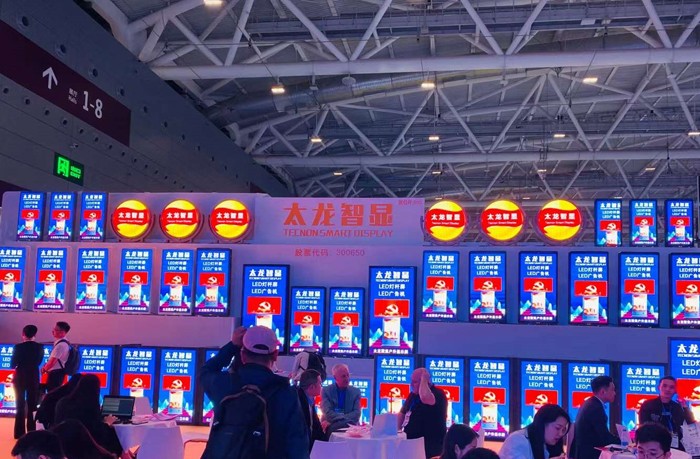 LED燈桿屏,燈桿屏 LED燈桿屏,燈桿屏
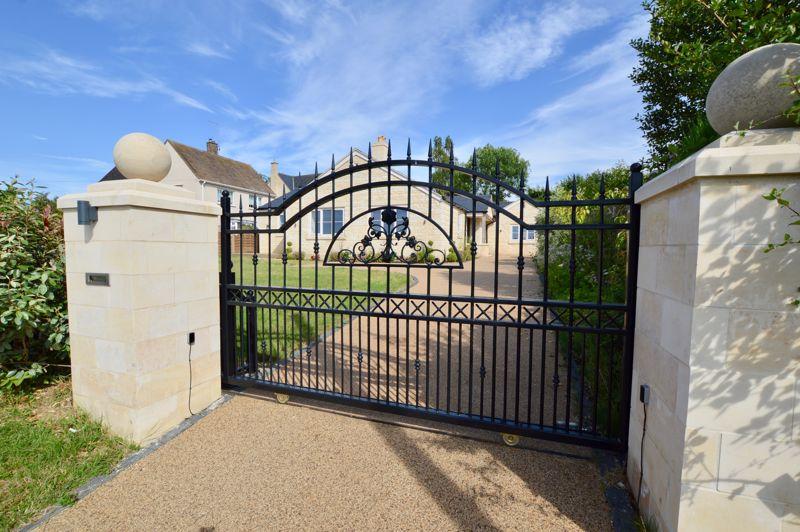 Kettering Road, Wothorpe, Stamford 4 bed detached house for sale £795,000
* * *
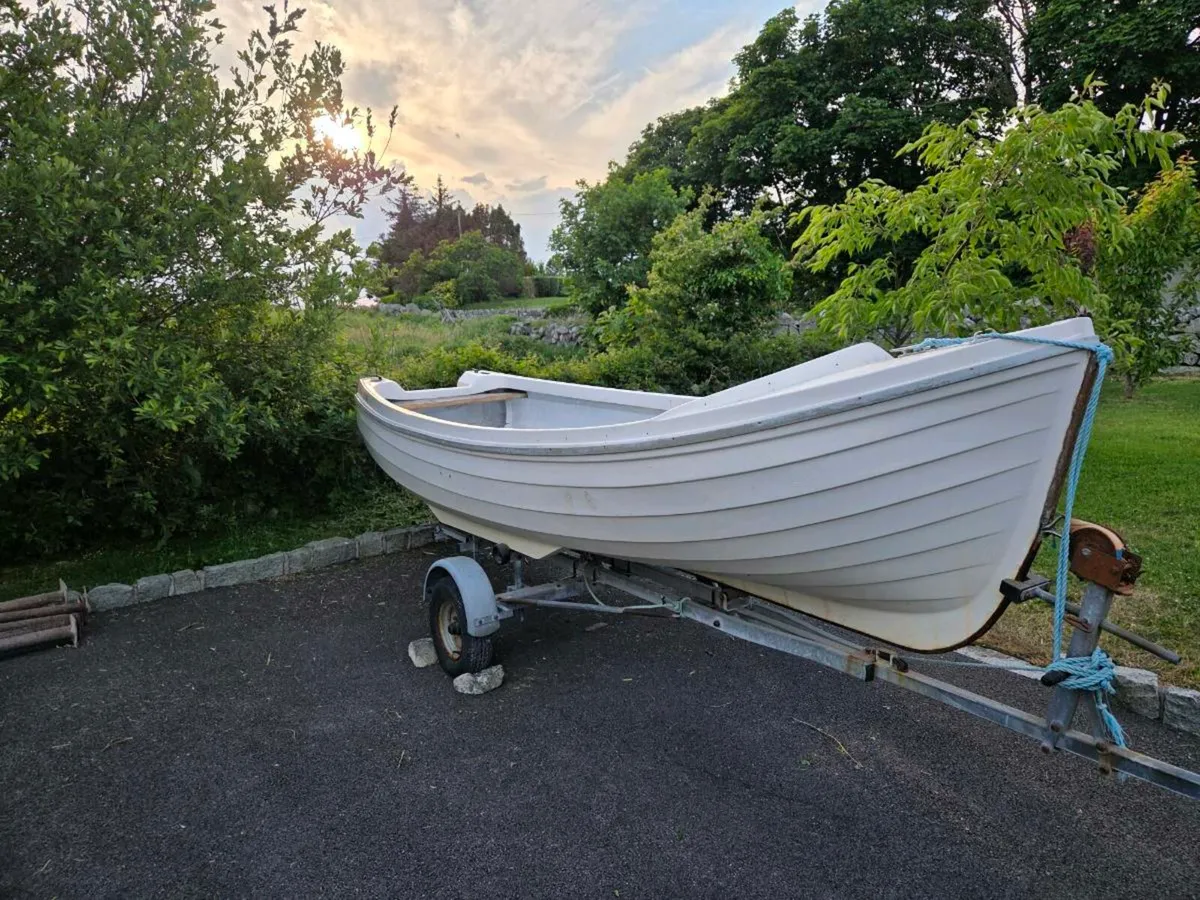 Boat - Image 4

ASSIGNMENT: Exact repeat of the material above: every line from the one with "LED燈桿屏,燈桿屏 LED燈桿屏,燈桿屏" through the one with "Kettering Road, Wothorpe, Stamford", endpoints included, and nothing more. No pictures.

WRITTEN ANSWER:
 LED燈桿屏,燈桿屏 LED燈桿屏,燈桿屏
 Kettering Road, Wothorpe, Stamford 4 bed detached house for sale £795,000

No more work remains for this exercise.